Spanish scientists have shown that the more severe a person's sleep apnoea, the higher their risk of perishing from cancer.
Studies also found a link between the spread of cancer and sleep apnoea.
Sleep apnoea is a condition in which a person stops breathing for more than ten seconds while sleeping.
In the first study, over 5,600 patients from seven different sleep clinics in Spain were analysed to investigate the link between sleep apnoea and cancer deaths.
The severity of sleep apnoea in the patients was measured using an hypoxaemia index. This index measures the amount of time during the night that a person suffers from low levels of oxygen in the blood.
The results showed that people with sleep apnoea who spent more than 14% of their sleep with levels of oxygen saturation below 90% (usually severe sleep apnoea patients) had approximately double the risk of dying from cancer than people without sleep apnoea. The results showed that this association was even higher in men and younger people.
People with sleep apnoea can be treated using continuous positive airway pressure (CPAP) therapy, which generates a stream of air to keep the upper airways open during sleep. In the first study, patients who were not using this device consistently had an increased relative risk of death from cancer.

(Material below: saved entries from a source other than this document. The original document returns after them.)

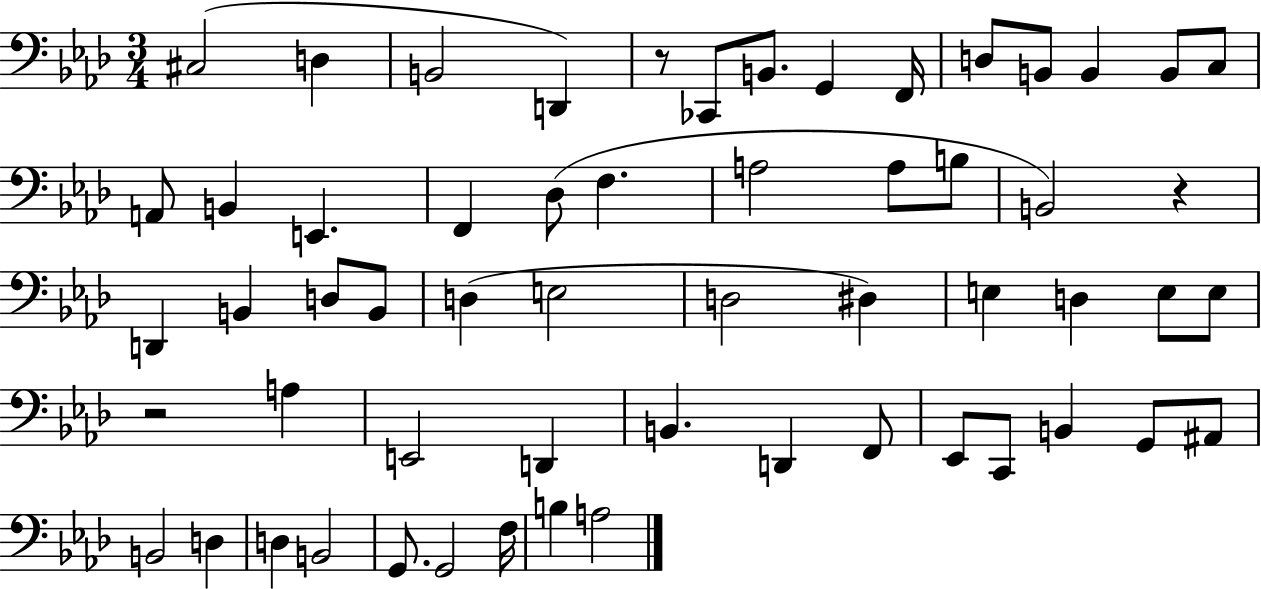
X:1
T:Untitled
M:3/4
L:1/4
K:Ab
^C,2 D, B,,2 D,, z/2 _C,,/2 B,,/2 G,, F,,/4 D,/2 B,,/2 B,, B,,/2 C,/2 A,,/2 B,, E,, F,, _D,/2 F, A,2 A,/2 B,/2 B,,2 z D,, B,, D,/2 B,,/2 D, E,2 D,2 ^D, E, D, E,/2 E,/2 z2 A, E,,2 D,, B,, D,, F,,/2 _E,,/2 C,,/2 B,, G,,/2 ^A,,/2 B,,2 D, D, B,,2 G,,/2 G,,2 F,/4 B, A,2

"We found a significant increase in the relative risk of dying from cancer in people with sleep apnoea," said Dr Miguel Angel Martinez-Garcia from La Fe University Hospital in Spain, who led the study.
"This adds to evidence presented earlier this year that found for the first time a link between cancer and sleep apnoea mortality. Our research has only found an association between these disorders but this does not mean that sleep apnoea causes cancer."

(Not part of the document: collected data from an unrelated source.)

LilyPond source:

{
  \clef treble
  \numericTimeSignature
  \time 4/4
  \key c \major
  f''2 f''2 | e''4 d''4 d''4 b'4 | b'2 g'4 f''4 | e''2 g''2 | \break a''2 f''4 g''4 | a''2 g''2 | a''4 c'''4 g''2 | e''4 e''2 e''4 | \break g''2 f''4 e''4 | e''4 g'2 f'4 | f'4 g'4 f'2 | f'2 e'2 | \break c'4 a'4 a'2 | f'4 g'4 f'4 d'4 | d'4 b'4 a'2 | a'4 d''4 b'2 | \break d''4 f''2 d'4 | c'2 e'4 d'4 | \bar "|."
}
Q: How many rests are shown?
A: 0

Similar results were also found in a second study, which showed an increased presence of cancer in people with severe sleep apnoea. The link was present even when factors such as age, sex, weight and other comorbidities of participants, were taken into account.
The research, which was presented at the European Respiratory Society's (ERS) annual congress in Vienna, adds to evidence presented earlier this year highlighting a link between severe sleep apnoea and cancer.